* [The input]:
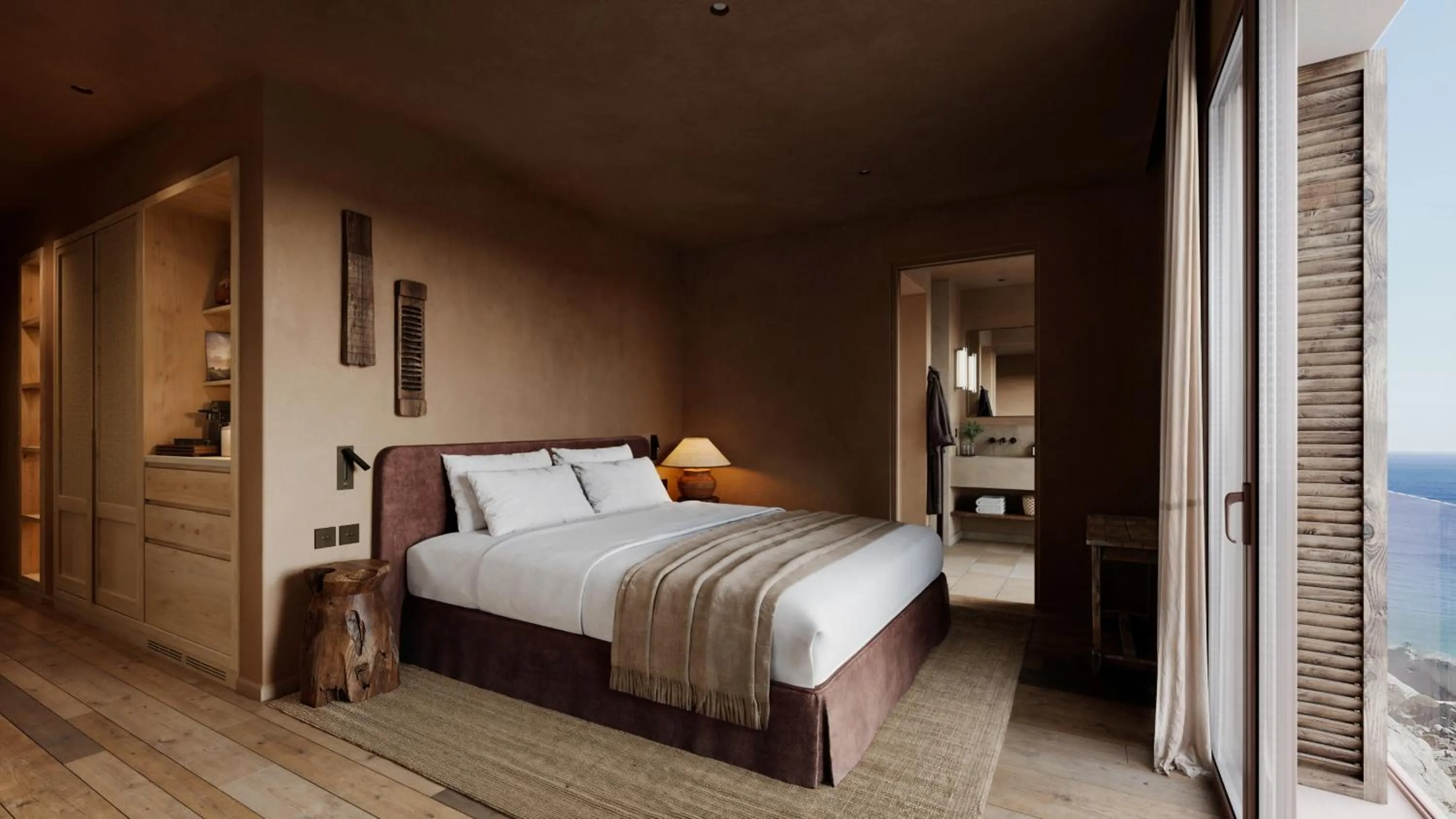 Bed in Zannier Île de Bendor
* * *
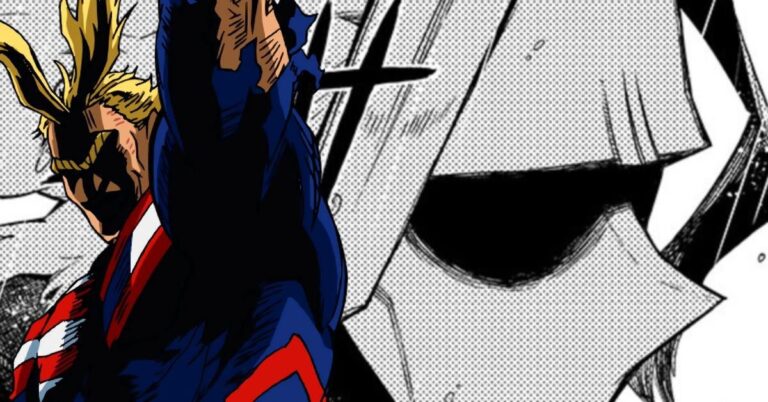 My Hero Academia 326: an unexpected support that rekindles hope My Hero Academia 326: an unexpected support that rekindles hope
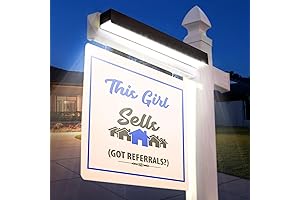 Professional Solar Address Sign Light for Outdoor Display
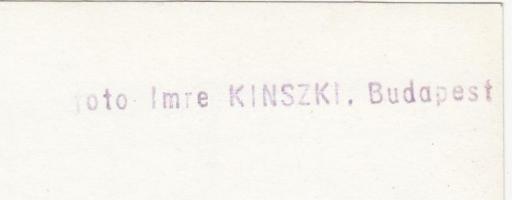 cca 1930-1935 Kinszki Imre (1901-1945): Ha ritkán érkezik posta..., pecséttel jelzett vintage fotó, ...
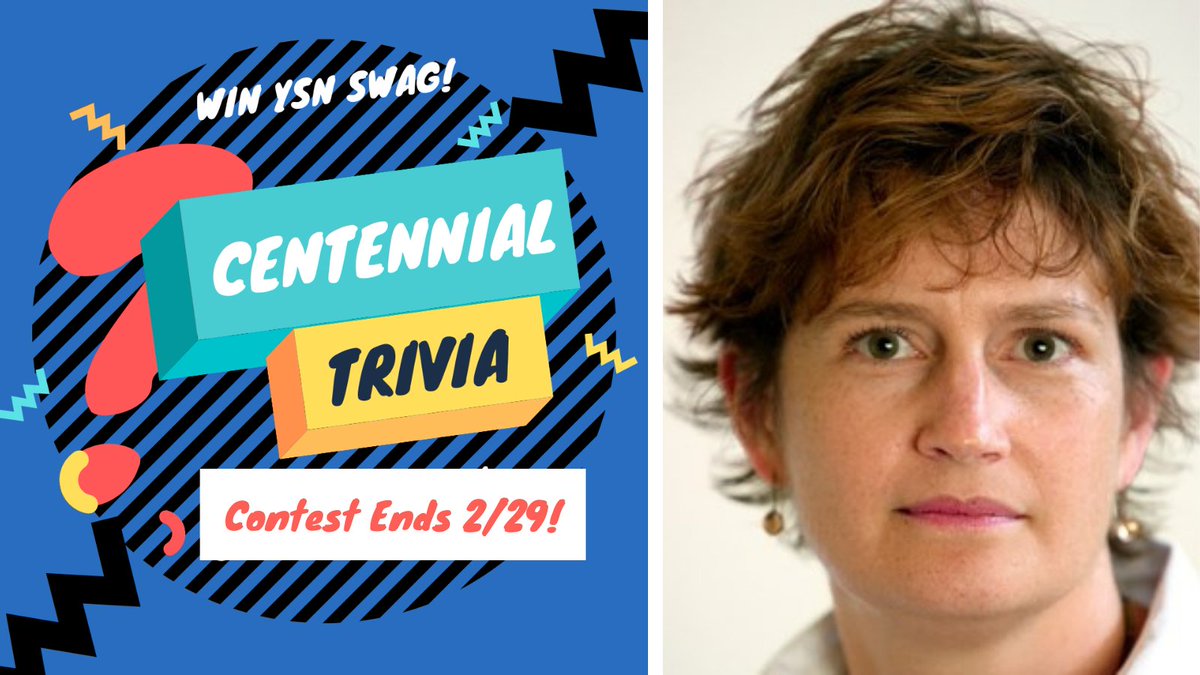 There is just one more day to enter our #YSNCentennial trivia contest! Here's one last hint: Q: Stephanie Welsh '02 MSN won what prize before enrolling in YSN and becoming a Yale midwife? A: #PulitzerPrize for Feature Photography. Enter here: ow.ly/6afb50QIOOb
...
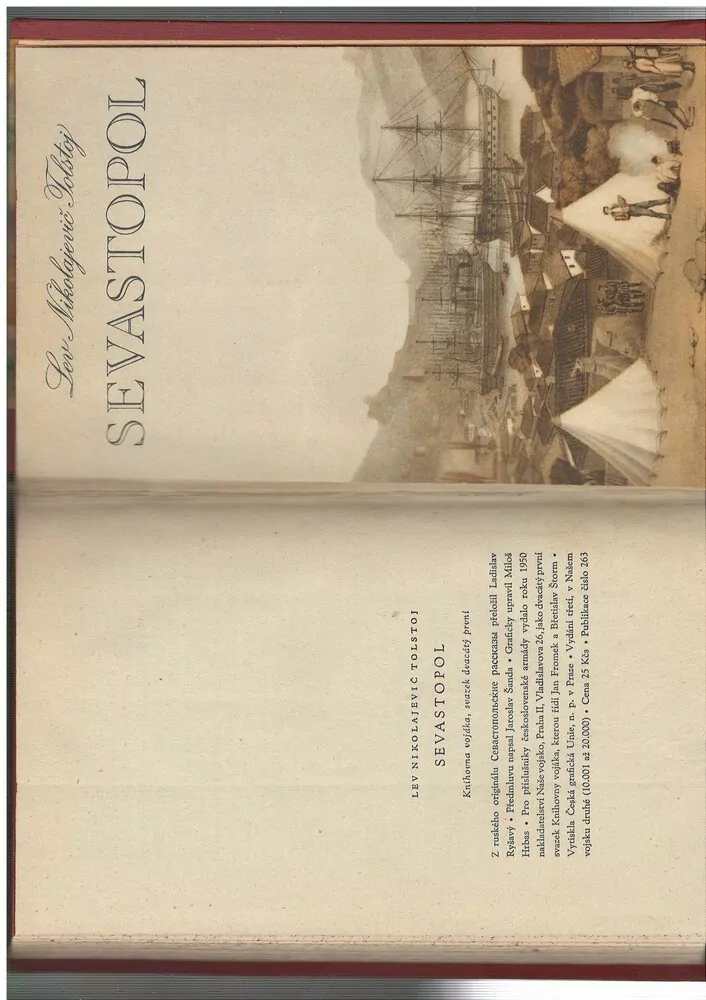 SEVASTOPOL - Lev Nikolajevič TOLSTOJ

* [What to produce]: The material above holds pictures; leave them out and set down exactly the lines from the line with "rekindles hope My" to the line with "cca 1930-1935 Kinszki", both included.

* [Exercise response]:
 My Hero Academia 326: an unexpected support that rekindles hope My Hero Academia 326: an unexpected support that rekindles hope
 Professional Solar Address Sign Light for Outdoor Display
 cca 1930-1935 Kinszki Imre (1901-1945): Ha ritkán érkezik posta..., pecséttel jelzett vintage fotó, ...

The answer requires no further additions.